Luego llegaba la tarde, y de nuevo a la rotonda. Entonces me preguntabas entusiasmado qué pareja de las que me había contado antes me gustaba más.

 Y yo pensaba, y mientras pensaba tú ya habías comenzado con una ristra de nombres conjuntos de las parejas que más te gustaban.

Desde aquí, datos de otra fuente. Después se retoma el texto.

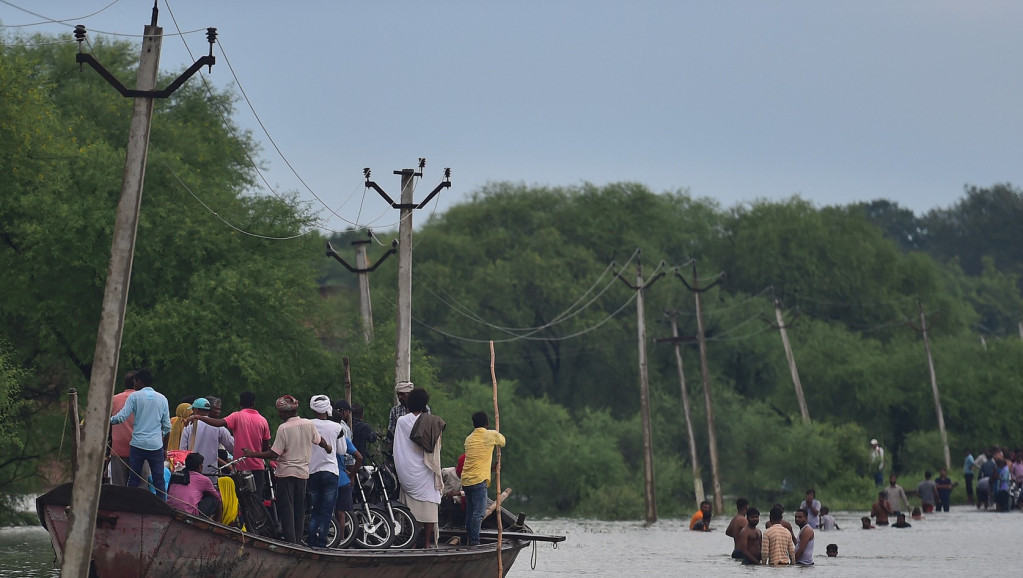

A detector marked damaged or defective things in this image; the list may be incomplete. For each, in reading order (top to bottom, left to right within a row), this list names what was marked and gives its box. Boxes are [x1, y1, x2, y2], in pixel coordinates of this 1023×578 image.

rusty boat hull [36, 482, 532, 576]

Y cuando habías terminado yo te decía las mías. Tú siempre tan impulsivo, sin esperar un minuto a que pudiera decir lo que quería…impaciente, incansable, interminable y a veces resultabas agotador.

Cuantos momentos, cuantas conversaciones que quedaron borradas y llevadas por el viento frío invernal, otoñal, entre las hojas, arrastradas por el vendaval, sepultadas en la tumba que solo tú sabes donde está. ¿Cuándo terminarás? Loco, demente, juguetón y saltarín. Imposible de frenar. Cabezota cuando algo se te metía entre ceja y ceja, y no parabas hasta llegar a ello. La verdad es que esa capacidad la admiro, y sé que tú también. Somos dos luchadores ya viejos, cansados, exhaustos por lo que hemos pasado. En la última recta, le damos una moneda a Caronte para que nos lleve en su barca por el lago Averno. Y cuando llegamos a la puerta del Inframundo tú te das la vuelta, dices que eres demasiado joven, que aún no te ha llegado el momento, que te quedan energías y fuerzas aún para continuar. Me dices que burlarás la Muerte, que la estrecharás la mano y te despedirás de ella, porque Ella también sabe que aún es demasiado pronto. Y entonces te giras, antes de irte, me tiendes la mano y me sonríes, como cuando no entiendes algo, igual. Y en ese momento te digo que estoy muy cansado, que no tengo ganas de seguir, que mi juego ha terminado y he perdido. Y no sé como tú me agarras del brazo, despides a Hades con  la mano sonriendo y a su esposa Perséfone. Te giras, me vuelves a ver a mirar, de nuevo me sonríes, y sin saber como esa sonrisa me da fuerzas. Entonces ya somos dos los que caminamos de nuevo a la vida. Caronte está en su barca, nos mira enrarecido, y tú le sonríes, y él comprende. Nos permite subir de nuevo a su barca, pero esta vez vamos hacia un sendero distinto. Nos cruza nuevamente el lago Averno en su barca y nos deja en la orilla. Tú le vuelves a sonreír, siempre consigues burlar la Muerte, siempre tiras de mí cuando ya estoy muerto, o pienso que lo estoy, y me agarras con fuerza y me levantas, y entonces ya vuelvo a ser el mismo. Volverá a pasar el tiempo hasta que volvamos a morir, pero sé que tú estarás ahí para burlarla e irás repartiendo sonrisas risonas entre los demás, entonces sonreiré yo también, y volveremos a quedar en la rotonda. Comentando como otra vez has conseguido salir del fondo.